4.2 RAG Integration – Safe Ingestion Pipeline

def ingest_raw_chunk(raw: dict[str, Any]) -> Chunk:
    validated = ChunkModel.model_validate(raw)
    return to_core_chunk(validated)

def persist_chunk(core: Chunk) -> str:
    model = from_core_chunk(core)
    return serialize_model(model)   # stable, versioned JSON

5. Property-Based Proofs (tests/test_pydantic_edges.py)

import math
import pytest
from hypothesis import given, strategies as st
from funcpipe_rag.boundaries.pydantic_edges import ChunkModel, serialize_model, deserialize_model

nonfinite = st.sampled_from([float("nan"), float("inf"), float("-inf")])

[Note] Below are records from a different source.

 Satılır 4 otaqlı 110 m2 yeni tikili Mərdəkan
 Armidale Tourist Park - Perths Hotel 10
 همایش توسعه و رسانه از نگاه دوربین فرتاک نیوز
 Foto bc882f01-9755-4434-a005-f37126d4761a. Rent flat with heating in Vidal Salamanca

@given(text=st.text(min_size=1, max_size=1000),
       metadata=st.dictionaries(st.text(), st.integers() | st.text()))
def test_chunk_roundtrip(text, metadata):
    model = ChunkModel(text=text, metadata=metadata)
    json_str = serialize_model(model)
    reloaded = deserialize_model(json_str, ChunkModel)
    assert model == reloaded
    assert reloaded.length == len(text)

@given(bad_emb=st.lists(nonfinite, min_size=1))
def test_nonfinite_embedding_rejected(bad_emb):
    with pytest.raises(ValueError):
        ChunkModel(text="x", embedding=bad_emb)

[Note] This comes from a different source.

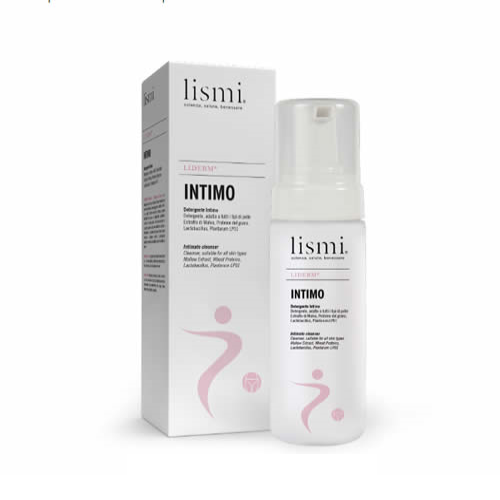 Liderm intimo 150 ml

@given(emb=st.lists(st.floats(allow_nan=False, allow_infinity=False), min_size=1))
def test_large_embedding_rejected_if_out_of_range(emb):
    if any(abs(x) > 100 for x in emb):
        with pytest.raises(ValueError):
            ChunkModel(text="x", embedding=emb)

def test_schema_stable(snapshot):
    assert ChunkModel.model_json_schema() == snapshot

6. Big-O & Allocation Guarantees

Operation Time Heap Notes
Validation O(#fields) O(#fields) Once at edge
Serialization O(#fields) O(#fields) Stable order via aliases
computed_field O(1) or O(N) O(1) Recomputed on access; keep pure & fast

7. Anti-Patterns & Immediate Fixes

Anti-Pattern Symptom Fix
Raw **kwargs → dataclass Silent invalid states Pydantic model_validate at edge
Manual JSON serde Unstable order, no versioning model_dump_json / validate_json
Pydantic in hot path 10–100× slowdown Validate once → convert to frozen core
Missing discriminator Union parse ambiguity Annotated[Union[...], Field(discriminator="kind")]
Mutable models in core Accidental mutation frozen=True + extra="forbid"

8. Pre-Core Quiz

  1. Pydantic at edges for…? → Runtime validation + stable serde
  2. model_validator(mode="after") for…? → Cross-field checks
  3. Discriminated unions use…? → kind tag
  4. computed_field gives…? → Pure derived properties
  5. Core stays…? → Plain frozen dataclasses

9. Post-Core Exercise

  1. Wrap one core ADT in a Pydantic model → add model_validator + computed_field.
  2. Add discriminated union for a sum type → test parsing.
  3. Replace one raw JSON → dataclass with Pydantic edge + bridge.
  4. Add schema snapshot test for a model → verify stability.

Next: M05C07 – Pattern Matching in Python 3.10+ for ADTs.

You now have bulletproof I/O: every external payload is validated exactly once at the edge, serialized stably forever, and the core pipeline runs at full speed on pure frozen ADTs. The rest of Module 5 adds pattern matching for orchestration and final serialization contracts.